EXERCISE REQUIREMENTS: Copy nothing but the text: repeat each entry exactly and drop the images.

(Extracted data entries)
****************

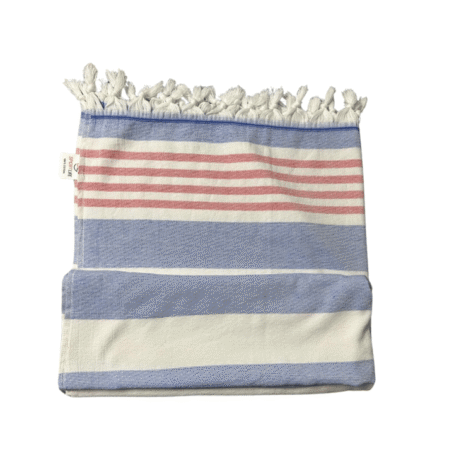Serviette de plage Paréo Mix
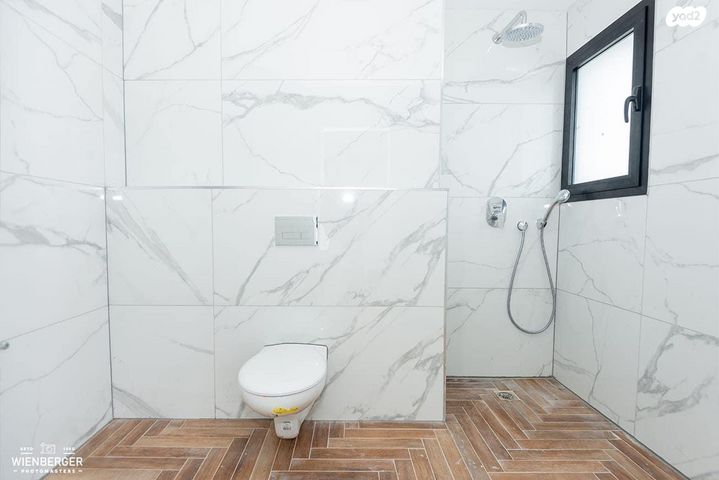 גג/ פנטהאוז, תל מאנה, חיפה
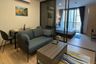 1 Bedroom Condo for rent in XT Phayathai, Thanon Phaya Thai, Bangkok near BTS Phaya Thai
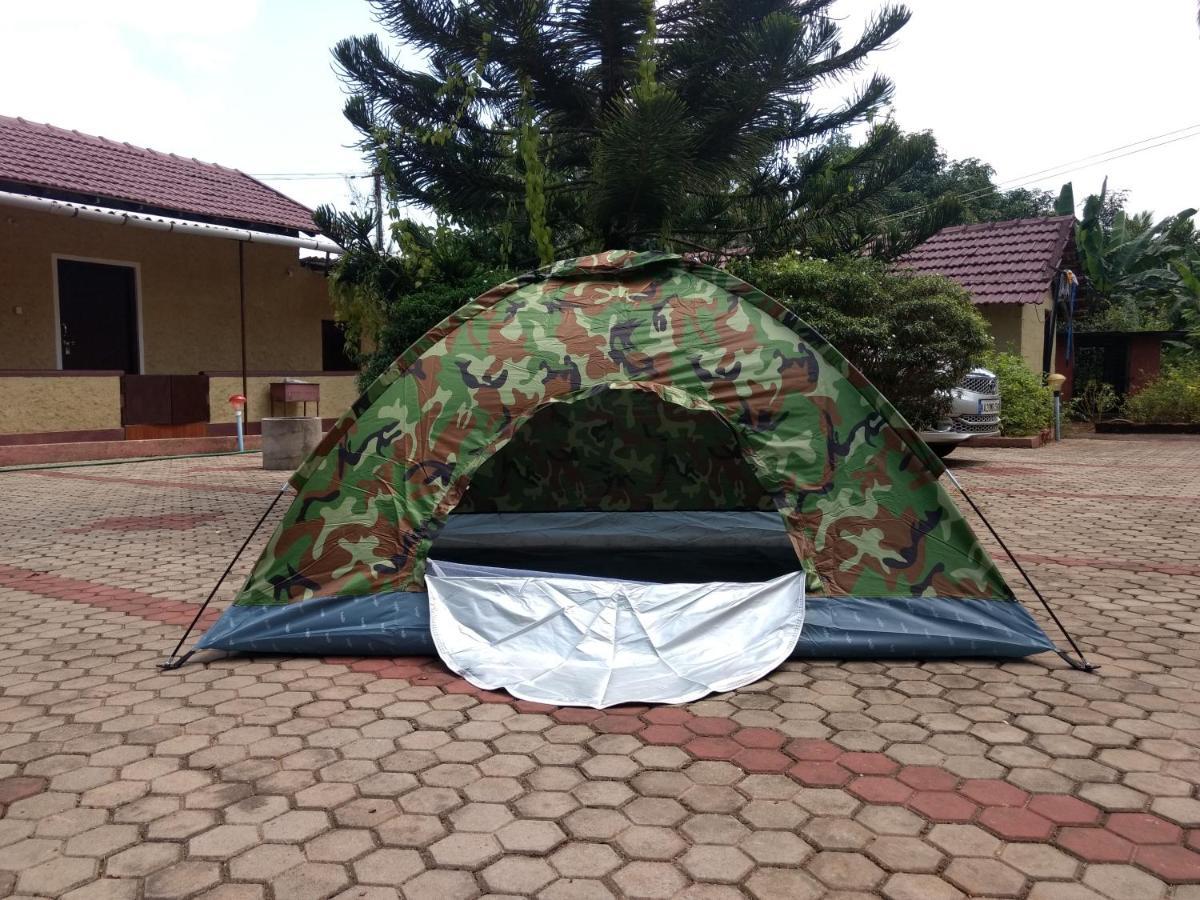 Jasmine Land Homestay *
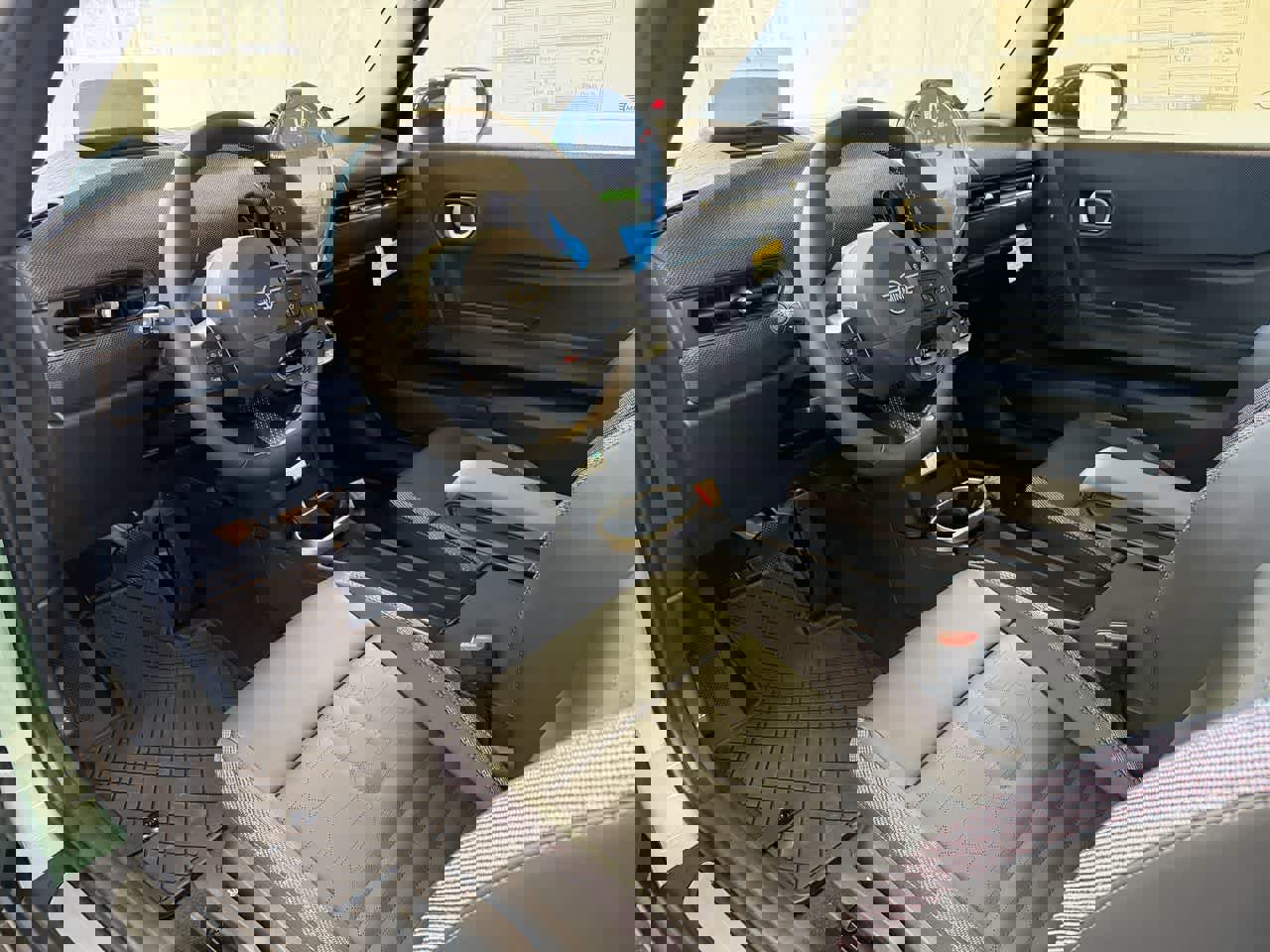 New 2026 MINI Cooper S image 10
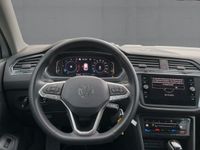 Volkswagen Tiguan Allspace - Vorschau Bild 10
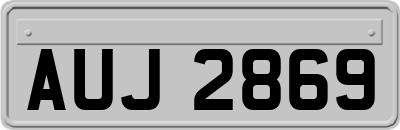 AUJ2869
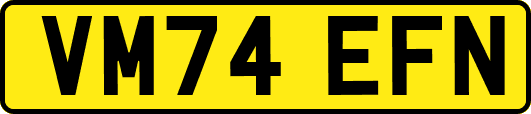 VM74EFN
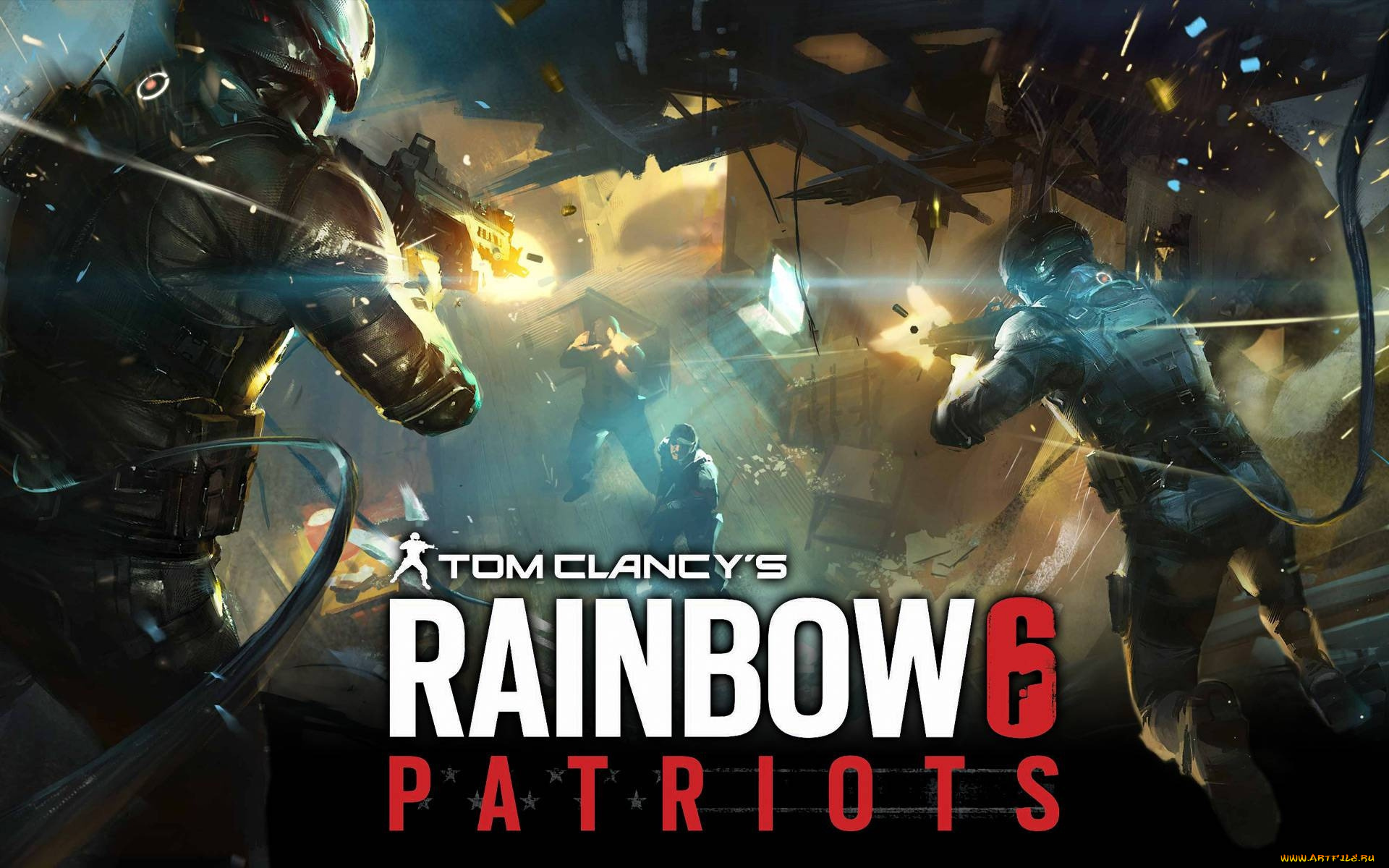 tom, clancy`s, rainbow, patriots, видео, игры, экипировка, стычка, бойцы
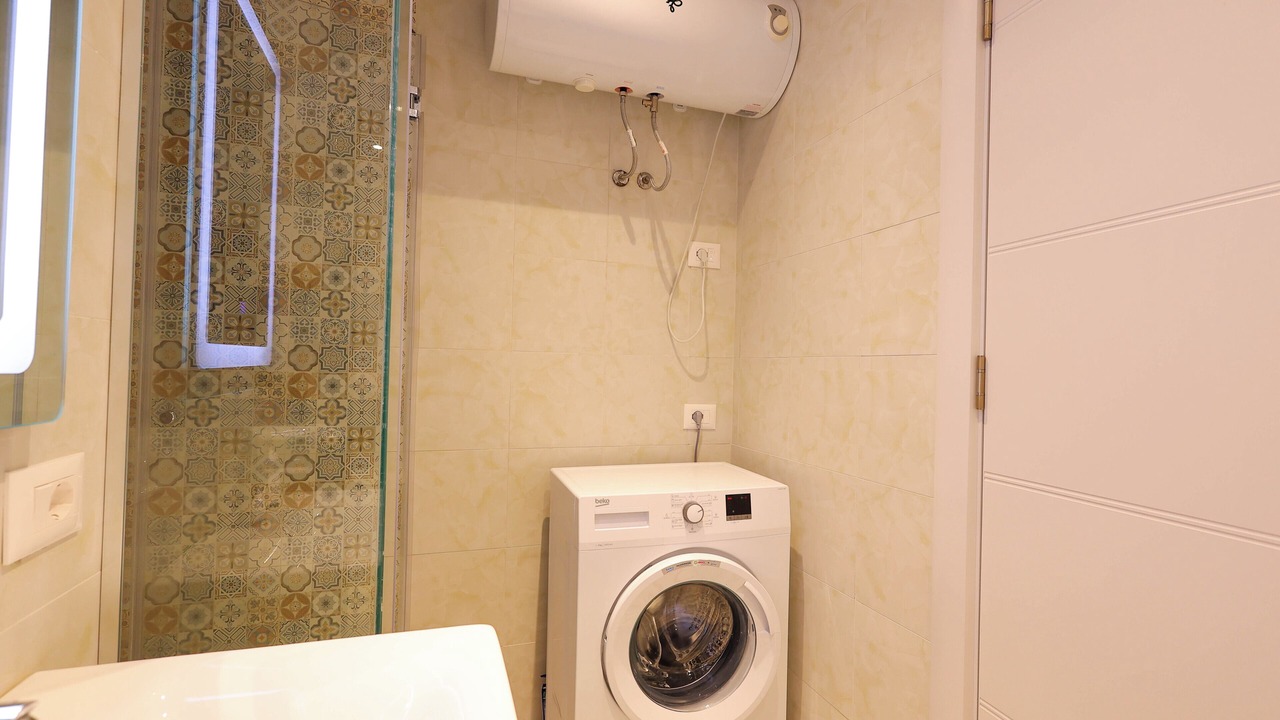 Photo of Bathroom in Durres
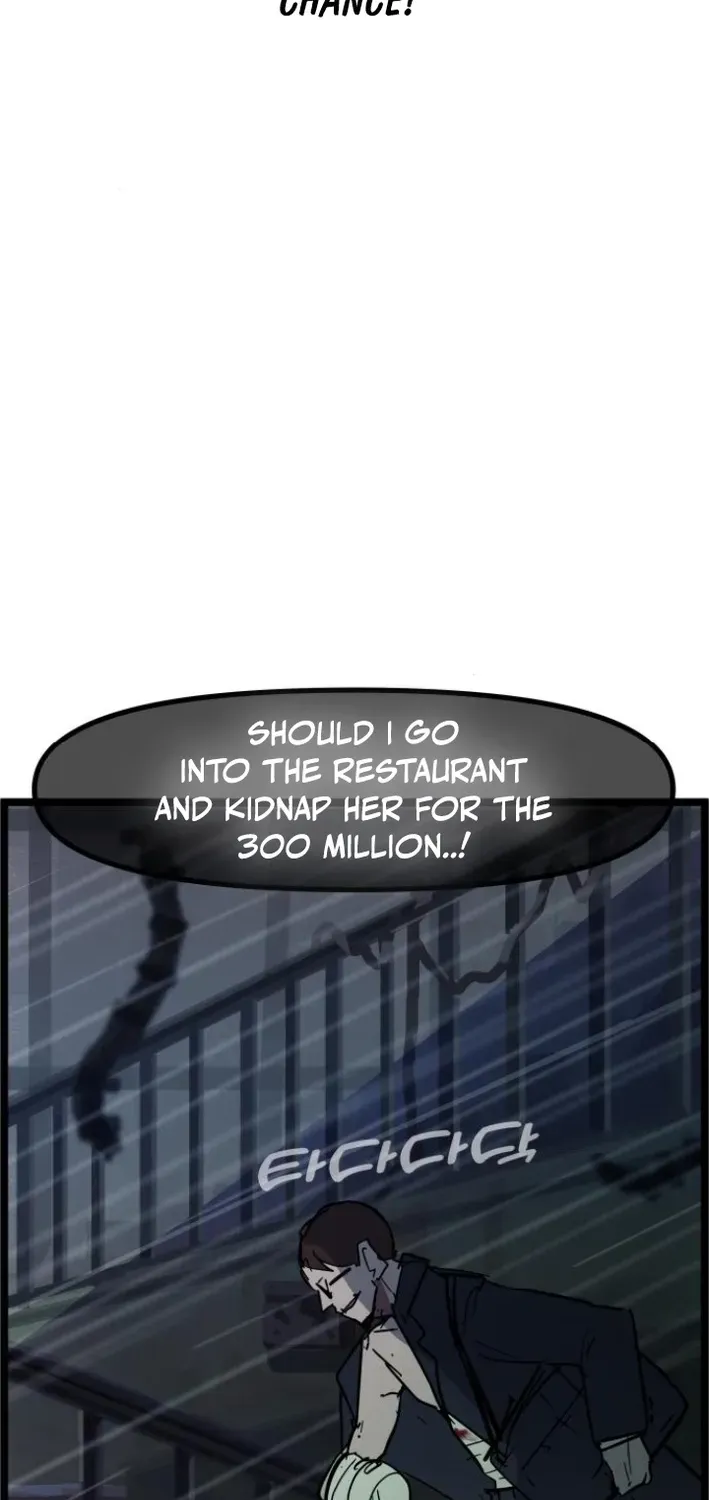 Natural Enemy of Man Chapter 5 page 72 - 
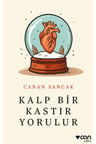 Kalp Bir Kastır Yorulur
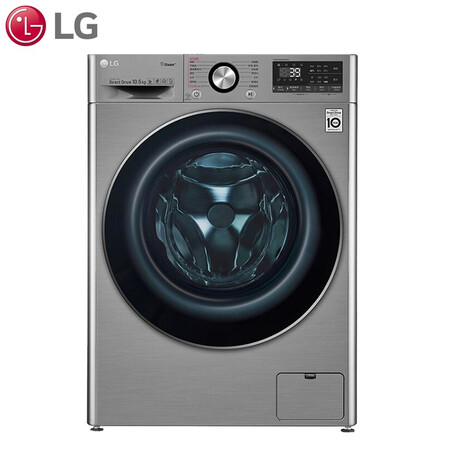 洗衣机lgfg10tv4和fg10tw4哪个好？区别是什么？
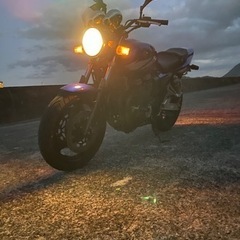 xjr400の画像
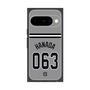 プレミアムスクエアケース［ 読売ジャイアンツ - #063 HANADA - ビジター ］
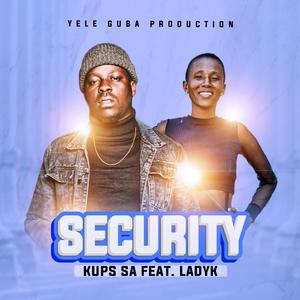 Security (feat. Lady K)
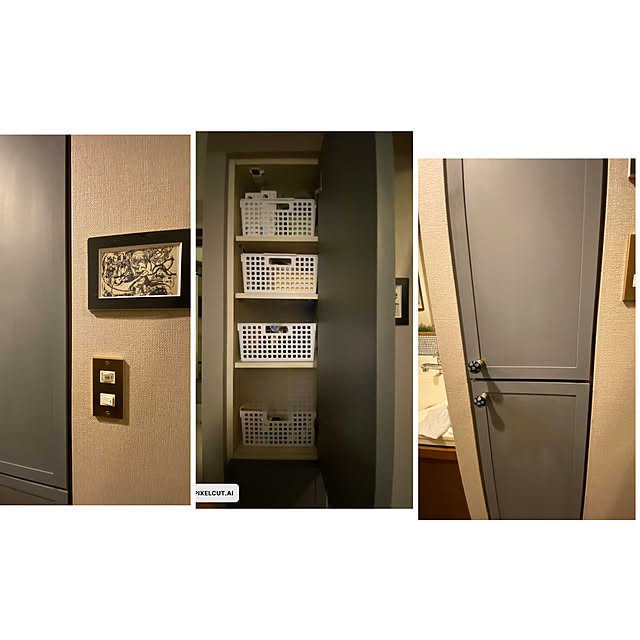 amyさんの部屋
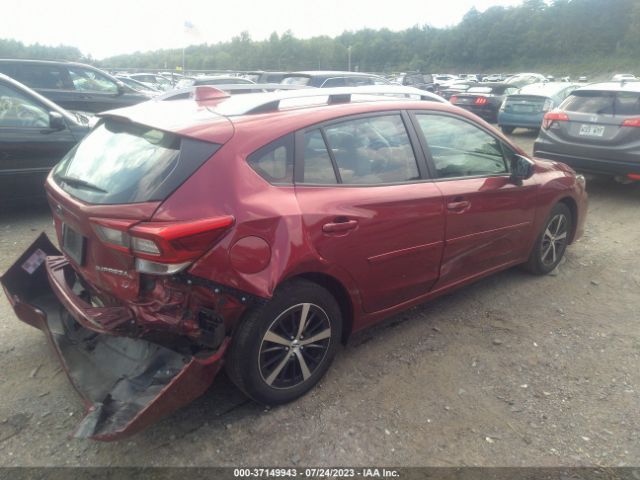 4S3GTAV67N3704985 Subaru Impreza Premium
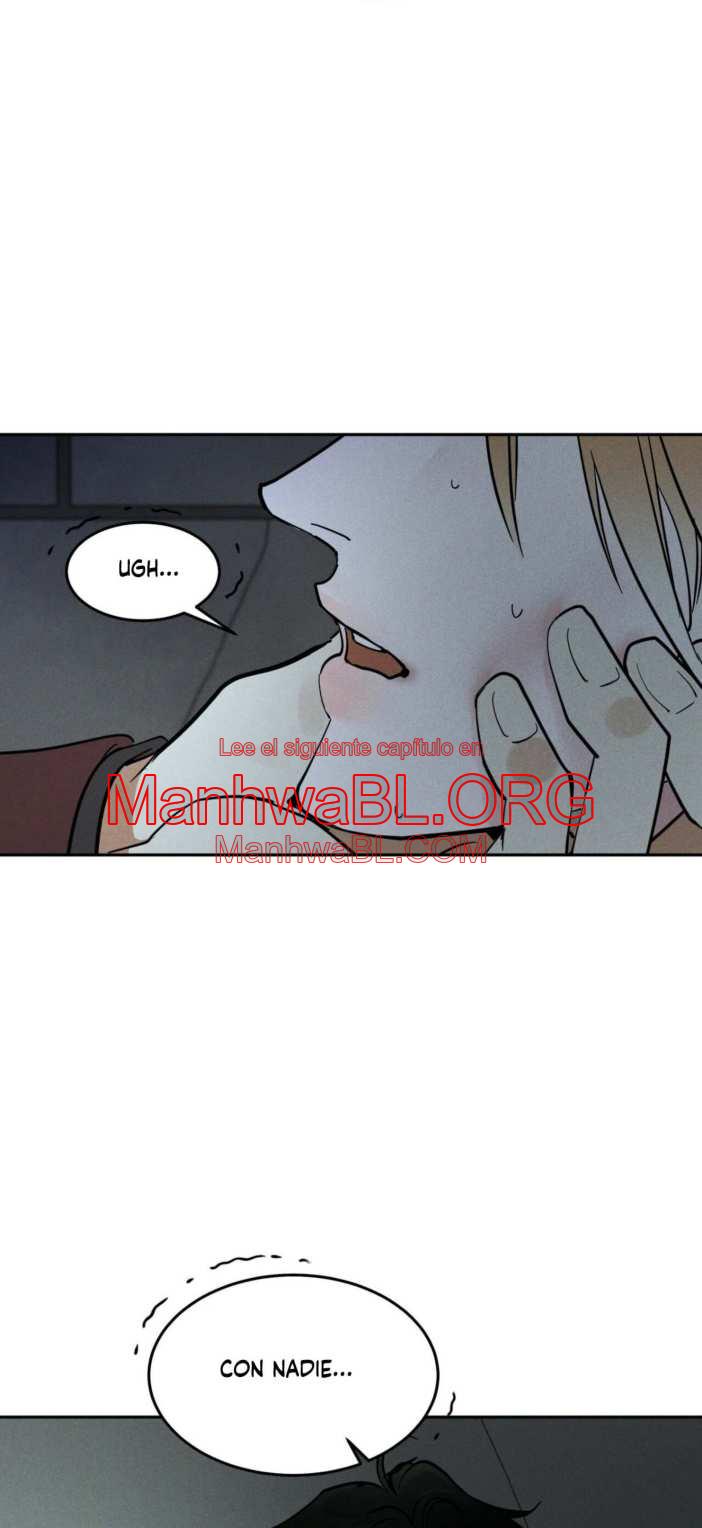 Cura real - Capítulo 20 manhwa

****************

YOUR SOLUTION:
Serviette de plage Paréo Mix
 גג/ פנטהאוז, תל מאנה, חיפה
 1 Bedroom Condo for rent in XT Phayathai, Thanon Phaya Thai, Bangkok near BTS Phaya Thai
 Jasmine Land Homestay *
 New 2026 MINI Cooper S image 10
 Volkswagen Tiguan Allspace - Vorschau Bild 10
 AUJ2869
 VM74EFN
 tom, clancy`s, rainbow, patriots, видео, игры, экипировка, стычка, бойцы
 Photo of Bathroom in Durres
 Natural Enemy of Man Chapter 5 page 72 - 
 Kalp Bir Kastır Yorulur
 洗衣机lgfg10tv4和fg10tw4哪个好？区别是什么？
 xjr400の画像
 プレミアムスクエアケース［ 読売ジャイアンツ - #063 HANADA - ビジター ］
 Security (feat. Lady K)
 amyさんの部屋
 4S3GTAV67N3704985 Subaru Impreza Premium
 Cura real - Capítulo 20 manhwa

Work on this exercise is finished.